Roush Review: ‘Jack Ryan’ Comes to Amazon, ‘Ozark’ Returns to Netflix

Jack Ryan - John Krasinski and Wendell Pierce
Review
Amazon

Move over, Jack Bauer. There’s a new Jack in town, taking on global terrorists, with an even higher pop-culture profile from a series of blockbuster movies and best-selling novels.

Tom Clancy’s Jack Ryan probably needs no further introduction as the franchise moves to Amazon Prime Video’s streaming platform, a near-perfect medium for an exciting, tautly entertaining deep dive into high-octane international intrigue. We’ve seen this icon in action as played by Alec Baldwin, Harrison Ford, Ben Affleck and Chris Pine—and now it’s John Krasinski’s turn, embodying the hero at his most empathetic, idealistic and unyielding.

Toward the end of the eight-episode first season — a second is already underway — Ryan’s boss (the excellent Wendell Pierce) offers some jaded perspective while surveying a Turkish beach overrun with desperate refugees: “There is no version of this job that doesn’t require compromise, not if you want to do something that matters.” Ryan isn’t sure he’s buying it — yet.

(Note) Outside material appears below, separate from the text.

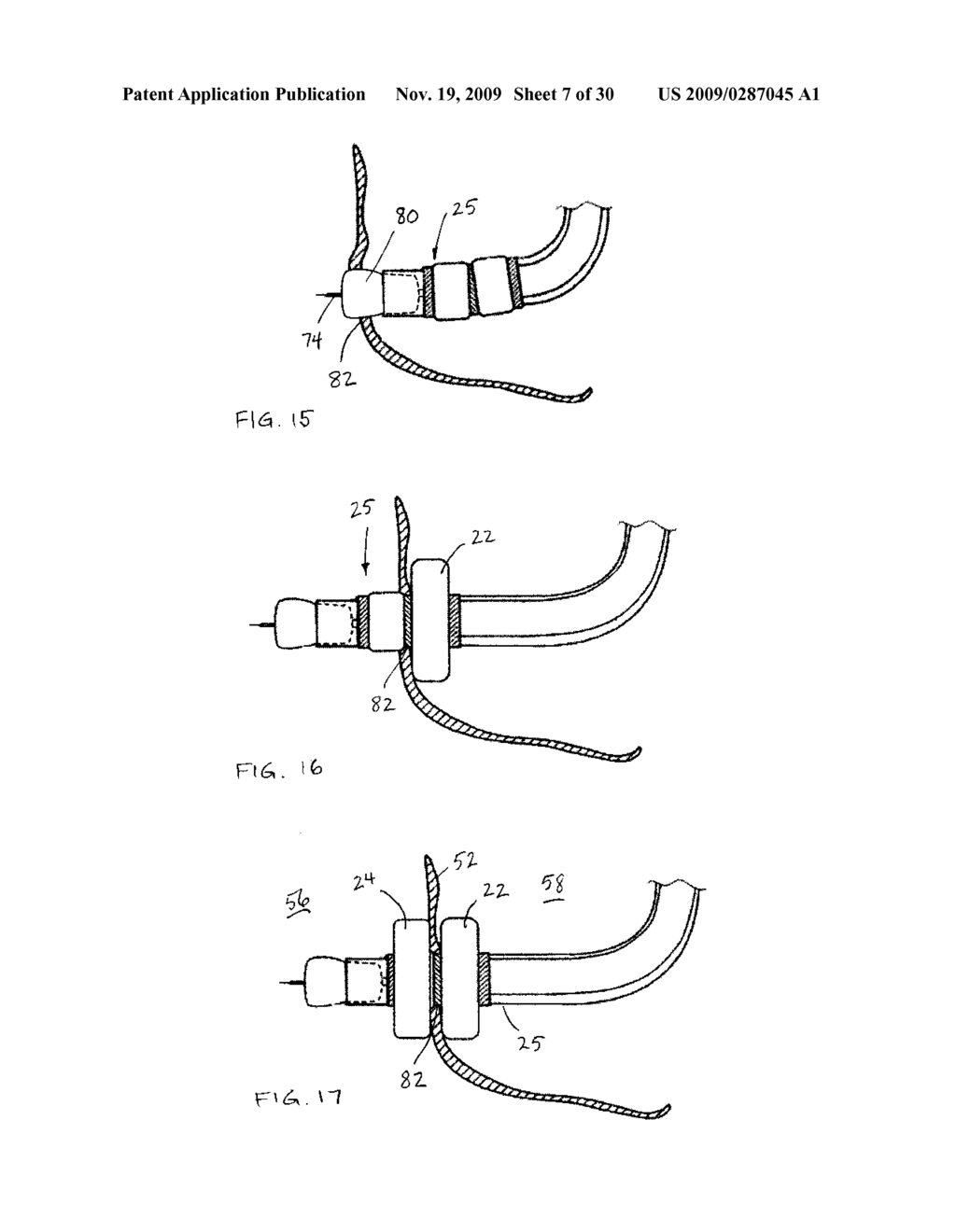 Access Systems and Methods of Intra-Abdominal Surgery - diagram, schematic, and image 08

Amazon’s Jack Ryan series introduces the character at an early stage of his career: still working a desk at CIA’s HQ in Langley, four years into his job as an analyst. The former Marine doesn’t exactly jump at the chance to go into the field once he connects the dots to expose “a brand new Bin Laden” in the form of an Islamic radical sheik, Mousa Bin Suleiman (Ali Suliman). But off he reluctantly goes, and his Marine training soon comes in handy as he jets to a Yemen military base to interrogate suspects with a lead to the mysterious terrorist. Before the first episode is over, an attack on the base will satisfy any action fan’s quota for violent mayhem, and Ryan emerges with aches and pains — and a bruised ego as his resolve to pursue his prey intensifies.

Jack Ryan - John Krasinski, Abbie Cornish

Abbie Cornish. John Krasinski

There’s a haunted sorrow in Krasinski’s subdued and appealing performance, which occasionally explodes into undisciplined rage as the body count and stakes rise. He’s well matched by Suliman’s shaded portrayal of Ryan’s ruthless antagonist, and Saudi actress Dina Shihabi is equally compelling as the sheik’s wife, Hanin, whose attempts to flee the conflict with her children become a riveting subplot over multiple episodes.

Likely to make nearly as much noise as Krasinski’s superb hit horror film A Quiet Place, the new Jack Ryan won me over early on, when it showed him on a night off watching Jeopardy! at home over takeout. Just like the rest of us! I’ll take “Sure-Fire Hits” for $800, Alex.

Tom Clancy’s Jack Ryan, Series Premiere, Friday, August 31, Amazon Prime Video

Back to the Ozarks

Ozark - Peter Mullen, Jason Bateman

Peter Mullen and Jason Bateman in ‘Ozark’ (Netflix)

One sure bet in the turbulent tanglewoods of Netflix’s Ozark: Trouble will keep clipping the wings of the Byrdes, whose only goal is to get out.

Which makes for an entertaining second season of suspense, as on-the-lam money launderer Marty (Jason Bateman) and wife Wendy (Laura Linney) dream of fleeing to faraway shores with their two teenagers—as soon as they can open a casino as a front for a deadly drug cartel. But because this is an open-ended serial, viewers may be frustrated as well while plodding through 10 very long chapters of increasingly outlandish twists—including one ill-advised hostage crisis—that mire these antiheroes in a quicksand of plot machinations.

Ozark is driven more by story than character this year, despite the best work of Bateman, whose every look conveys guarded panic, and Linney, revealing ruthless steel beneath a benign surface.

Best of luck telling the good guys from the bad, with adversarial allies that include the ferocious Janet McTeer as an icy cartel lawyer, the terrific Julia Garner returning as Ruth Langmore, the scrappy local trying to keep her jailbird dad (Trevor Long) from wreaking too much havoc, and Peter Mullan and Lisa Emery as the fearsome Snells, willful opium farmers with no love for these big-city interlopers.

Ozark is still a compelling place to visit, but, like the Byrdes, I’m itching for an endgame.